Menggali Ilmu Salaf: Fondasi Aqidah dan Fiqih dalam Kitab Kuning

Pondok pesantren tradisional di Indonesia memegang teguh tradisi keilmuan Islam klasik, yang dikenal sebagai Menggali Ilmu Salaf. Inti dari pendidikan ini adalah pendalaman ilmu aqidah (teologi) dan fiqih (hukum Islam) melalui kajian kitab kuning, warisan ulama terdahulu yang ditulis dalam bahasa Arab. Proses Menggali Ilmu Salaf ini membentuk fondasi keislaman yang kokoh bagi para santri, membekali mereka dengan pemahaman agama yang mendalam dan berlandaskan pada sumber-sumber otentik. Artikel ini akan membahas pentingnya kajian aqidah dan fiqih dalam tradisi pesantren.

Tradisi Menggali Ilmu Salaf melalui kitab kuning bukan hanya sekadar pembelajaran tekstual, tetapi juga transmisi pemahaman dari generasi ke generasi.

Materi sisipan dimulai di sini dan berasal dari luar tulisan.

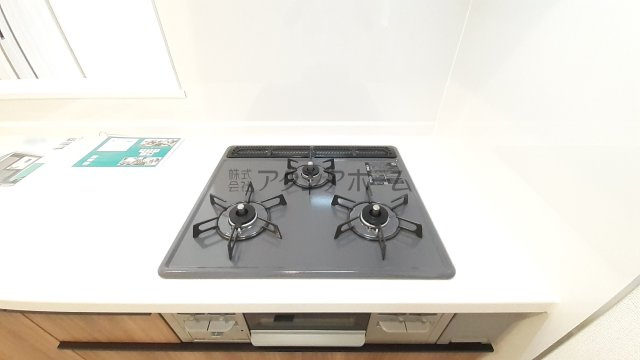 狭山市水野・全2棟　新築一戸建　2号棟　～駐車並列2台可～のキッチン|三口ガスコンロでお料理も捗りますね♪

Kitab kuning adalah karya tulis para ulama klasik yang mencakup berbagai disiplin ilmu Islam. Untuk menguasai kitab-kitab ini, santri terlebih dahulu harus menguasai “ilmu alat” seperti Nahwu (tata bahasa Arab) dan Shorof (morfologi bahasa Arab), yang merupakan kunci untuk memahami makna yang terkandung di dalamnya.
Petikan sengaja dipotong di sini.